Glucocorticoids suppress interleukin-1 receptor antagonist synthesis following induction by endotoxin.

Glucocorticoids, as part of their physiological role in the control of inflammatory and immune processes, suppress the expression of IL-1 and other cytokines. We have found a dose-dependent inhibition by dexamethasone (10 nM to 10 microM) of mRNA levels of the recently cloned IL-1 receptor antagonist (IL-1ra) in endotoxin-stimulated human monocytes. At the same concentrations, both dexamethasone and cortisol inhibited the secretion of IL-1ra.
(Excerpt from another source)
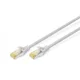 CAT 6A S-FTP patch cord, Cu, LSZH AWG 26/7, length 2.5 m, color grey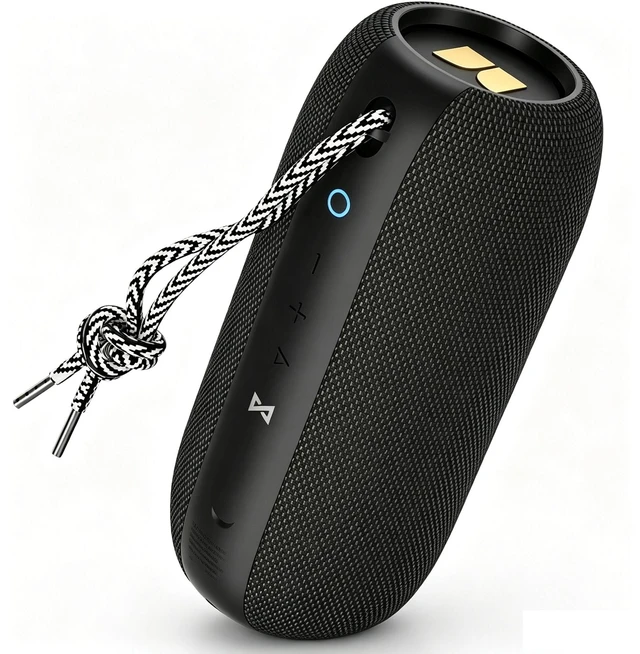Main image of Monster S320 Bluetooth Speaker, 40W True Wireless,360° Stereo Sound Effect,IPX7 Waterproof, 32 Hour Playing Time,Suitable for Outdoor Portable Speaker,Black.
These inhibitory effects were reversed by blocking glucocorticoid receptors with the specific antagonist RU 38486, but not by adding exogenous IL-1, even up to 100 ng/ml, to the monocytes. A similar inhibition of IL-1ra mRNA and protein secretion was found in monocytes obtained after dexamethasone administration in vivo. In addition, we observed parallel increases in glucocorticoid and IL-1ra levels following endotoxin administration to normal volunteers. Our results show that glucocorticoids shut down not only IL-1 but also IL-1ra expression, ruling out induction of IL-1ra as part of the glucocorticoid antiinflammatory mechanism. The control of the delicate immunoregulatory balance of the IL-1/IL-1ra system during endotoxemia underscores the physiological importance of glucocorticoids in the final control of immune responses.